A federal lawsuit filed in New York accuses the nation’s sugar producers of colluding to keep prices artificially high – an alleged action that rippled through the food and beverage industry.

The lawsuit, filed March 14 in U.S. District Court in Manhattan by KPH Healthcare Services, alleges ASR Group International Inc., American Sugar Refining Inc., Domino Foods Inc., United Sugar Producers & Refiners Cooperative (formerly known as United Sugars Corp.), Michigan Sugar Co., Commodity Information Inc., and Richard Wistisen broke antitrust laws by colluding on prices.

Wistisen heads Commodity Information, which collected sensitive information relevant to pricing decisions.

“If proven true, this violation of antitrust law by sharing competitively sensitive, nonpublic information regarding prices, volumes, sales and other metrics for granulated sugar could lead to increased scrutiny on pricing practices within the industry,” attorney Aron Solomon, chief strategy officer for Amplify, told The Food Institute.

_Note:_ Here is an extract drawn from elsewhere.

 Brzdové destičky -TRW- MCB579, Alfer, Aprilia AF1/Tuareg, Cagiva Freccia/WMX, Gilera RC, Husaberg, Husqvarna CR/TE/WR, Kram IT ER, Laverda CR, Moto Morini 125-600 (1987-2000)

“This could potentially result in changes to how sugar prices are determined and regulated, affecting various products (which almost all of us love) that rely on sugar.”

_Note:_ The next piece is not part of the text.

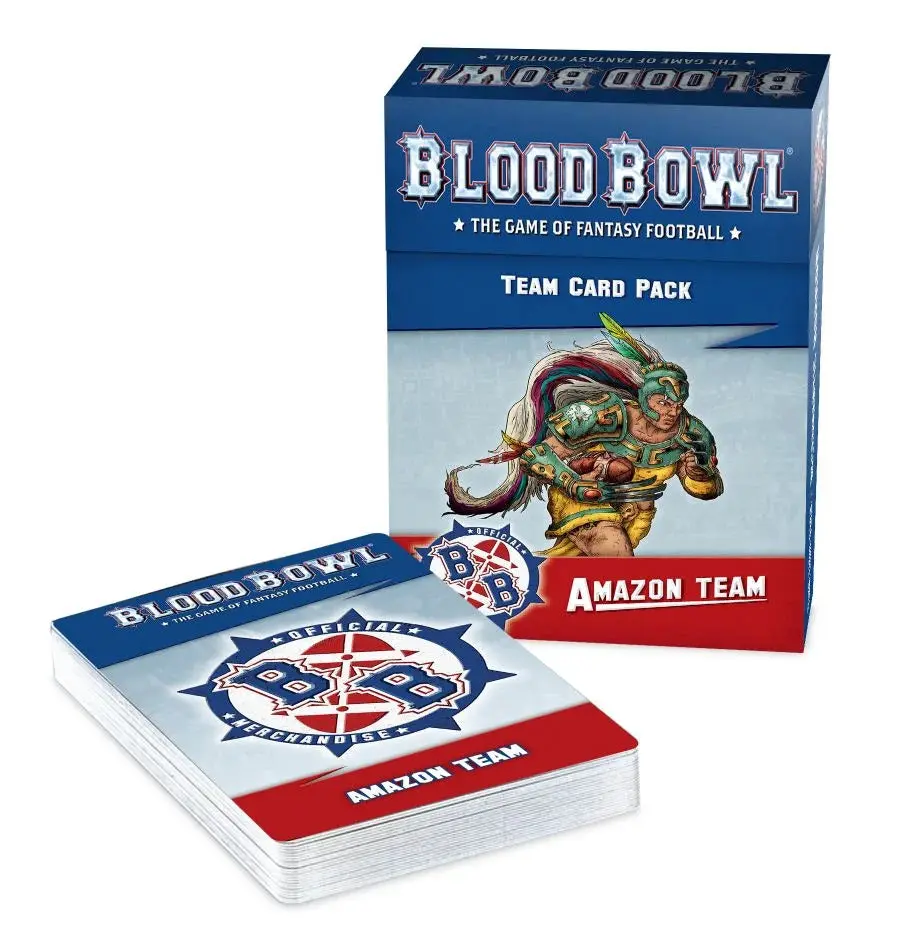 Blood Bowl Amazon Team Card Pack (Oop) 1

KPH provides pharmaceutical and healthcare services nationally and controls Kinney Drug Stores in the Northeast. The lawsuit accuses the defendants of price-fixing in a conspiracy with food and beverage manufacturers, retailers and foodservice companies, and seeks unspecified damages, as well as an injunction against the anticompetitive conduct.

The suit alleges the conspiracy began at the start of 2019 and involves the production of table sugar.

“The sharing of information between the producing defendants thus enabled them to artificially raise, fix, maintain, or stabilize the prices at which granulated sugar was sold to their customers pursuant to their anticompetitive agreement,” the suit alleges.

It added: “The exchange of pricing, crop size and yield, and sold position information by the producing defendants was intended to ensure – and did ensure – higher prices for granulated sugar than would have existed in a competitive market unaffected by the defendants’ anticompetitive agreement.”

The suit accuses Wistisen of keeping each of the companies informed, and the scheme allegedly was carried out despite internal policies that prohibited such conduct.

“Defendants knew and intended that their private exchanges of competitively sensitive information about prices and sold positions would allow them to artificially raise, fix, maintain, or stabilize granulated sugar prices above the levels they would have been absent the anticompetitive conduct alleged herein,” the suit alleges.

Solomon said the suit has the potential to “negatively influence consumer perceptions of the sugar industry’s integrity and transparency, impacting our trust” in the food and beverage companies involved. Solomon added:

“It’s the last thing the sugar industry – which has already had plenty of bad press – needs.”

Attorney Tautvydas Sutkus told FI the suit could serve as a precedent for future cases involving antitrust violations in the food and beverage sector.

“It underscores the importance of maintaining transparency and fair competition to foster a healthy marketplace that benefits both businesses and consumers alike,” Sutkus said.